I can still remember how annoyed I was when I saw his tweet. Timberlake, who has a long history of appropriating the musical stylings and aesthetics of Black artists, was “inspired” yet again by a Black man who was calling out the exploitation of Black creators. Timberlake and his “blue-eyed soul” was benefiting from a racist system that prioritized white artists who perform R&B over Black artists who invented the genre. Timberlake and many others wouldn’t have reached such career heights had it not been for their mix of talent, white privilege, and the racist industry that favors them more for their “mainstream” appeal.
Taking all of that into consideration, I felt like it was fair to call Timberlake out on how “inspired” he was. Would he speak up about his white privilege? Would he take accountability for the racism Williams was speaking about? Would this be the moment he finally acknowledged how his whiteness protected him from facing the same scrutiny Janet Jackson experienced over a decade ago?
Short answer: Not at all.
Instead, Timberlake dodged my questions altogether and choose to condescendingly refer to me as a “sweet soul,” which I read as being homophobic given my public profile as a Black queer journalist and/or a Southern bit of shade likened to “bless your little heart.” Either way, his all-lives-matter response followed by a “bye” made it clear to me that he had no time to engage in a fair conversation about racism in the music industry.
In pure Timberlake fashion, he immediately made himself out to be the victim. Instead of apologizing to Janet or addressing the issue raised in my tweet, he tweeted about how he “responded to a specific tweet that wasn’t meant to be a general response” and how he “shouldn’t have responded anyway.”
The next morning, the media outlets began covering the exchange, with many framing me as being too hard on Timberlake or questioning whether or not it was fair to accuse him of cultural appropriation. Those online were quick to sympathize with him, although Black Twitter had torn apart his cringeworthy tweets. Charlemagne Tha God of The Breakfast Club made myself and others who criticized Timberlake on Twitter “Donkey of the Day,” while Whoopi Goldberg defended the pop superstar on The View by saying that “we all appropriate.” My tweets were featured across various news outlets—even the Daily Show—and many of them refused to so much as name me or state that they came from a legitimate journalist.

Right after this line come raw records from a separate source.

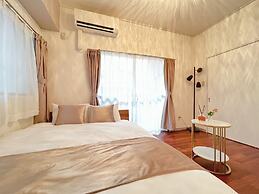 Tobu Highline Daimon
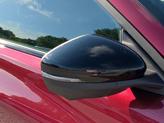 Thumbnail of 2025 Molten Ford Mustang Mach-E
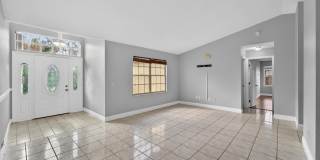 6956 NW Jorgensen Road Gallery 7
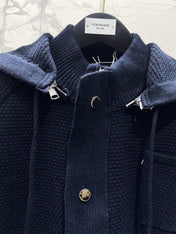 THOM 26S CARDIGAN STYLE 10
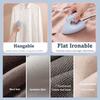 Lightweight Mini Electric Iron Corded Electric Multi-Purpose Iron Compact Iron  Perler beads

Timberlake had hijacked the narrative yet again, painting himself as the innocent white guy trying to praise a Black person for something good until someone made him respond to something that “wasn’t meant to be a general response.” Just like Jackson and Spears, I—to a lesser degree—began to see how his manipulative “unaware-do-gooder” routine works to his benefit. I got framed as the loud Black guy on Twitter who was trying to start shit, while he became the unsung hero who took on a Twitter mob. Oh, cry me a river.

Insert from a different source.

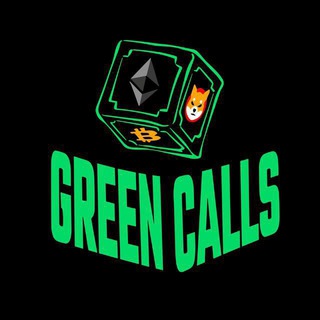 Green Calls Lounge
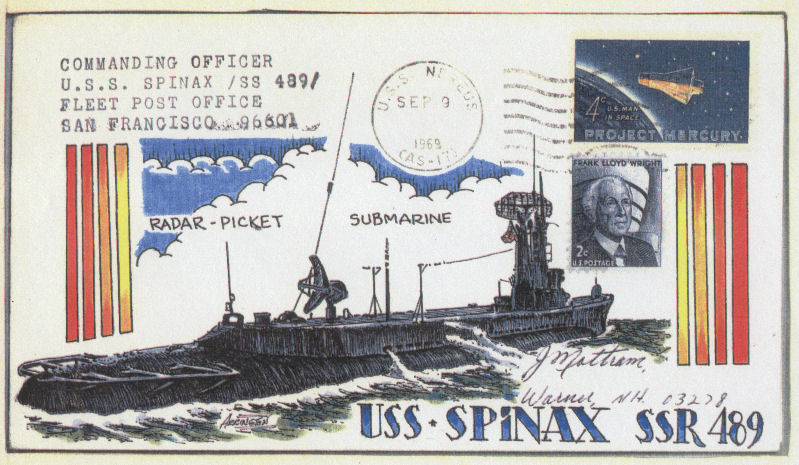 File:GregCiesielski Spinax SS489 19690909 1 Front.jpg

It wouldn’t be until 2018, when Timberlake reemerged as a “Man of the Woods” for his new folksy album, that he would address the backlash. Playing into this new sober and reflective character, Timberlake told music journalist Zane Lowe of Apple’s Beats 1 that his song “Say Something” with country singer Chris Stapleton was about our infamous Twitter exchange. Timberlake was basically doubling down on the victimhood for his new project. Was this his “Cry Me A River” part 2, only this time about his failure to confront his own racism?
Timberlake told Lowe in the interview that the lyrics to the song were about wanting to speak up but not getting caught up in the “rhythm” of it.

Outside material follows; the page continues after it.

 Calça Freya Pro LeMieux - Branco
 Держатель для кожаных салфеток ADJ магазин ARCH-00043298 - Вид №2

“If the rhythm goes off, then the train goes off the tracks,” Timberlake said.
Lowe then referred to the metaphor as the “Jesse Williams thing.”
“I felt terrible, you feel terrible,” Timberlake tells him about our exchange, “like, ‘Oh man, that is not what I meant. Why did I do that?’”
But that is exactly what he meant. Timberlake was showing myself and the rest of the world exactly who he was to women like Britney Spears and Janet Jackson who had to endure his horrible press conferences and television interviews wherein he disrespected their legacy over and over again. These weren’t “missteps,” but deliberate actions that caused real harm. They were intentional, they were spiteful. Timberlake was a rank opportunist that the industry let prosper at the expense of others’ misfortune.
Britney and Janet had to wait nearly two decades for a half-assed, two-for-one apology. I’m still left wondering: if Britney’s bombshell documentary was never released, would Janet have even been given an apology? Because five years ago, the answer was a resounding no.